Kindly heroes are increasingly difficult to find. Aside from Santa Claus and the Easter Bunny, it is now impossible to name an old-style reliable figure, prepared to ease our current woes. But hark, consider Robin Hood. More than ever we need his logic and practical economics; simply take from the rich (ex politicians, bankers and judges) and give to the poor – the rest of us.

Hood, also known as Robyn Hode, appears to have been a 12th century folkloric figure. Although his myth has been subjected to various rewritings and later versions preferred to present him as a dispossessed nobleman, traditionalists – such as Russell Crowe – maintain he was a gruff yeoman who fought in the Crusades under Richard the Lionheart. Forget Hollywood, Robin Hood is mentioned in poet William Langland’s allegorical narrative Piers Plowman dated c.1362–1386.

Whether Hood hailed from Nottingham or south Yorkshire is irrelevant, he was resourceful, enjoyed forest living – suggesting a commitment to the natural environment centuries ahead of his time – although the majestic trees of Sherwood obviously provided dense camouflage, ideal for discerning outlaws.

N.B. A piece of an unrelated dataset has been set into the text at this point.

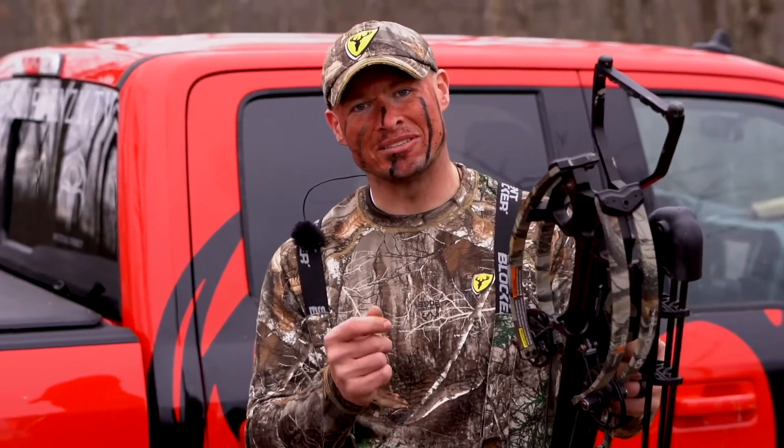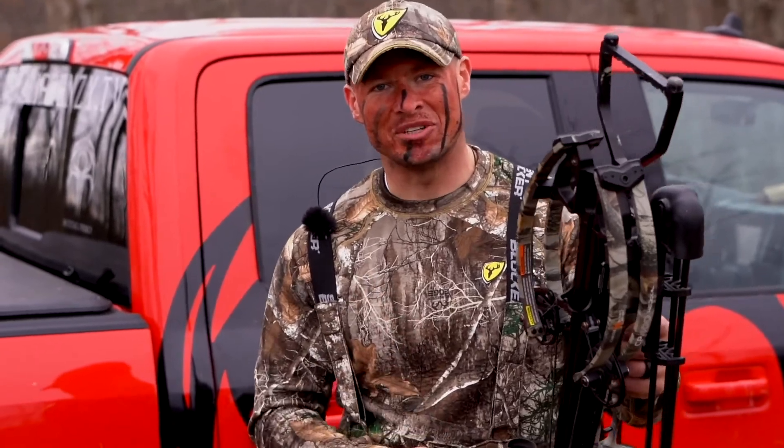For more information on the Centerpoint CP400 or other Centerpoint products, check them out on the web or visit your local dealer.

Despite the conflicting variations of his origins, Hood was no petty criminal and appears to have operated several moral levels above bushranger Ned Kelly or any number of Western anti-heroes such as Billy the Kid, Jesse James or the perennially attractive Butch Cassidy. The sheer decency of Hood, as well as his flair for keeping his Merry Men merry and his superiority in dealing with the dastardly Sheriff of Nottingham ignites hope anew in our over-taxed hearts.

Next week will see the latest and most repellent manifestation of that cruel sheriff, a monotone-voiced descendant named Noonan whose dastardly budget will again place the “new poor”, formerly known as the middle earners, in the stocks. The last grain (metaphorically speaking) will be grabbed from beaten salaries in Ireland while smirking property developers adjust the central heating in the Algarve apartments we bought for them. Shrill, righteous Joan Burton is a grimly unconvincing Maid Marion, having abandoned Hood favour of the flint-hearted Sheriff.